A great Middle Eastern city
In Mirror to Damascus 1986, Damascus is perceived as a city that preserves its essence more than any other great Middle Eastern city. Colin Thubron explores the historical, artistic, social and religious inheritance of the Damascenes in an amusing manner. According to him, despite the changes that took place in the Old Town, “the ancient flavor persists here. A café society still hums and confabulates along the Barada River. The traditional country and houses remain, and the suqs still flare with color.”
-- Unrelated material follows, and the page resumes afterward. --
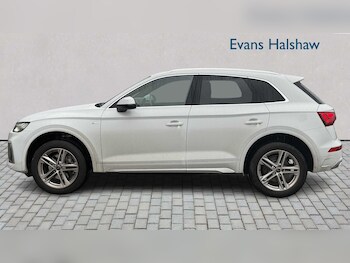 Used Audi Q5 2023 for sale - 77860028: Photo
In fact, many Syrian writers were keen on expressing their deep love and admiration of Damascus in their poems and novels. For example, Nizar Qabbani expressed his nostalgia for the old houses of Damascus in his poem “Letter to My Mother” in which he said:
“Damascus at night, Damascus jasmine
Find a home in our hearts.
Its minarets shed light on our travels.”
Similarly, in Daughters of Damascus, Siham Tergeman expressed her love of the city in a form of a love letter addressed to the houses,
“Made from mud, water, wood, straw, colors, stones, marble, colored glass, flowers, poetry and love.”
The irony is that most of the writers who adored Damascus spent a large extent of their lives abroad, but they eventually came back to be buried in their beloved city which henceforth becomes both the cradle and the grave.
Despite all these tales narrated about Damascus, almost nothing is known of the first Damascenes. Since Damascus is more or less an enigma, there is a dire need to recover the oral tradition and the unwritten history of Damascus, in order to be able to know what lies behind closed doors, iron bars and stone walls, and underneath the layers of subsequent civilizations. In celebrating Damascus as the Capital of the Arab culture in 2008, and in an attempt to divulge some of the old secrets of the city, several Syrian intellectuals in the Memory Club gathered in a downtown café to narrate some of their memories of Damascus in a sarcastic manner. Nevertheless, many stories continue to be transmitted from one generation to another in private, without ever being exposed to the public. Nowadays, some aspiring writers open up their diaries, break the silence and resort to the cyberspace to publish their private versions of that untold story_ Damascus.